Could extra LNG supplies help restrain winter gas prices?
Energy companies are seeing weaker demand for natural gas in Asia and Europe. By Jack Newsham GLOBE CORRESPONDENT OCTOBER 25, 2015
Changes in energy markets as far away as China could help prevent natural gas shortages and moderate heating and electricity costs in New England, analysts said.Foreign energy companies, facing weaker demand and lower prices for liquefied natural gas in Asia and Europe, are likely to turn to the New England market and send extra shiploads to terminals near Boston. That could help prevent the price spikes that historically have occurred in the region’s wholesale energy markets during periods of extended cold and high demand.

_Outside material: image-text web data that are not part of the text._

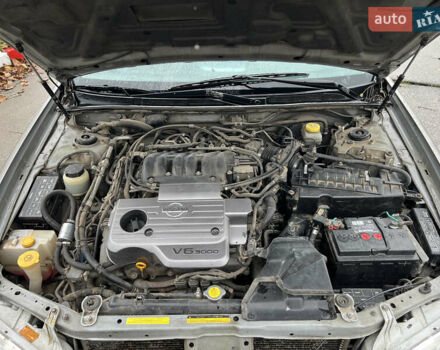 Серый Ниссан Максима, объемом двигателя 3 л и пробегом 264 тыс. км за 2999 $, фото 8 на Automoto.ua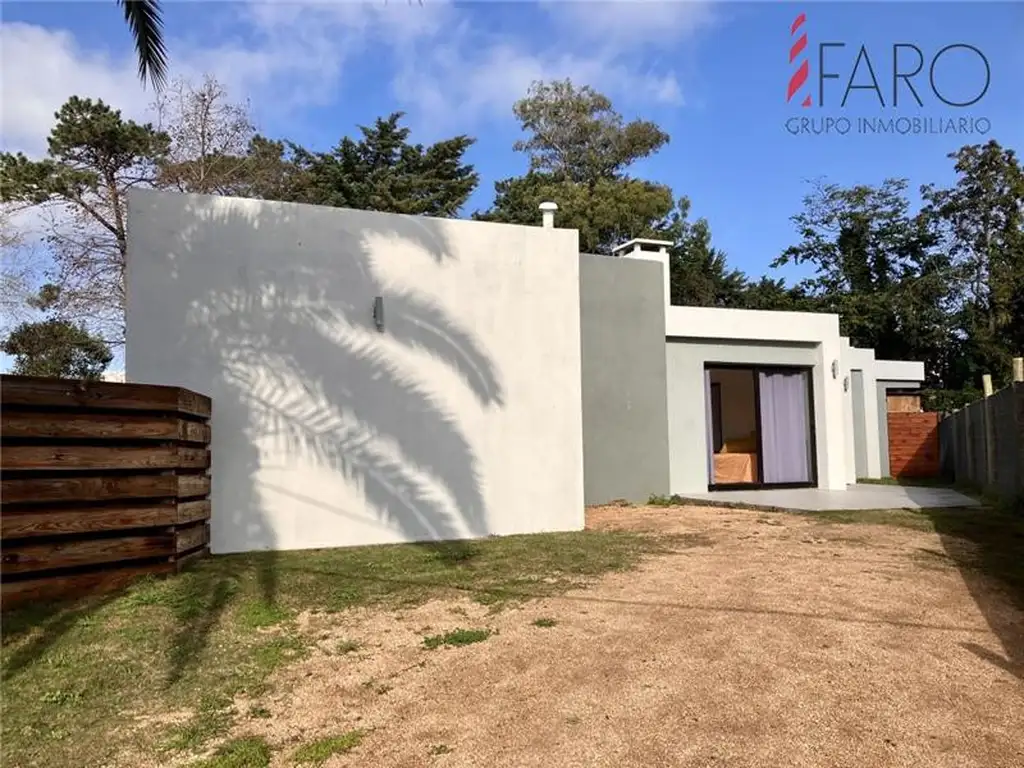 CASAS - CASA - CANTEGRIL, PUNTA DEL ESTE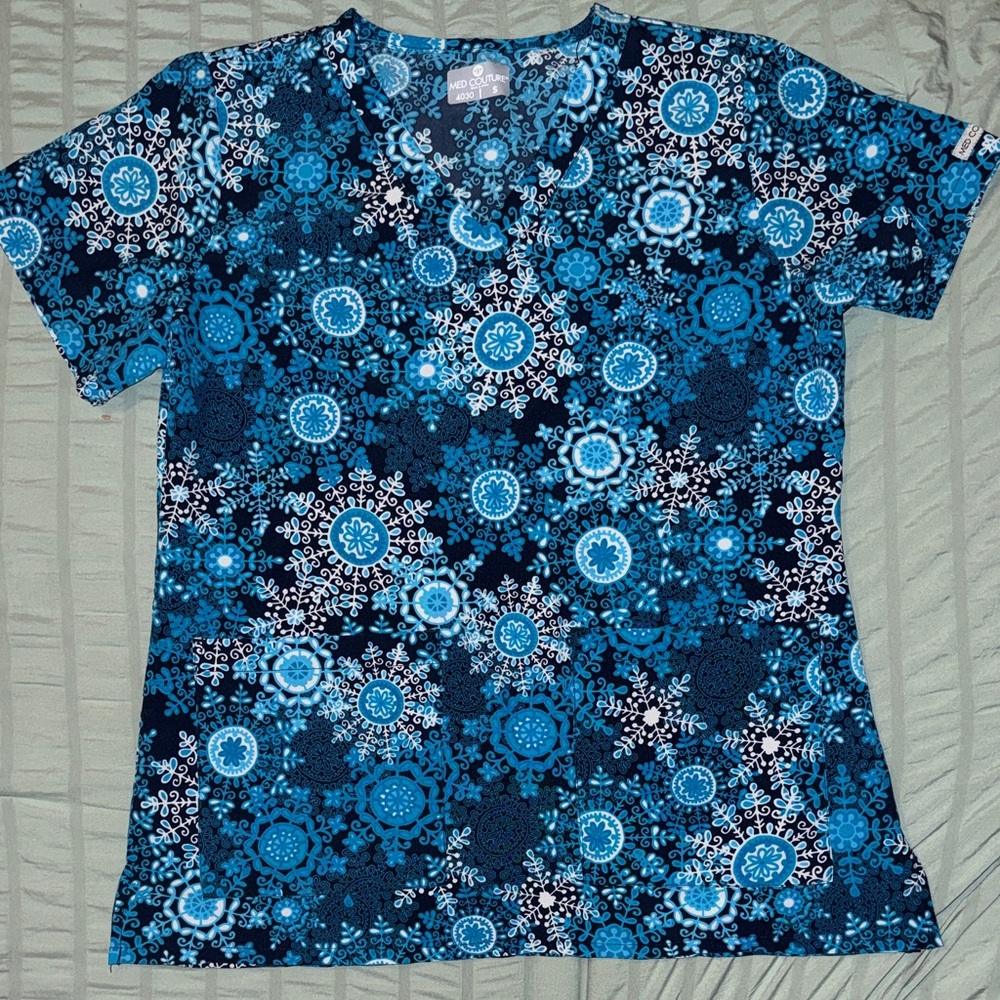 Med Couture Blue Snowflake Women's Scrub Top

Last winter, LNG imports helped ease shortages and soften prices and contributed to lower winter electric and gas rates for the coming winter.
Electric rates jumped a year ago as a result of shortages of natural gas, which is used to generate more than half of the region’s electricity and to heat an increasing number of homes. Boston is served by four gas terminals, including one in Canada, but most have historically seen little use.
Last year, 14 deliveries were made, all of them to a terminal in Everett owned by Distrigas, a unit of the French company Engie SA (formerly GDF Suez). But Nicholas Potter, an analyst for the British financial services company Barclays PLC, said an additional three to five shiploads of gas could arrive this winter, supplying the region with an extra 9 to 15 billion cubic feet of gas, or a few days’ supply.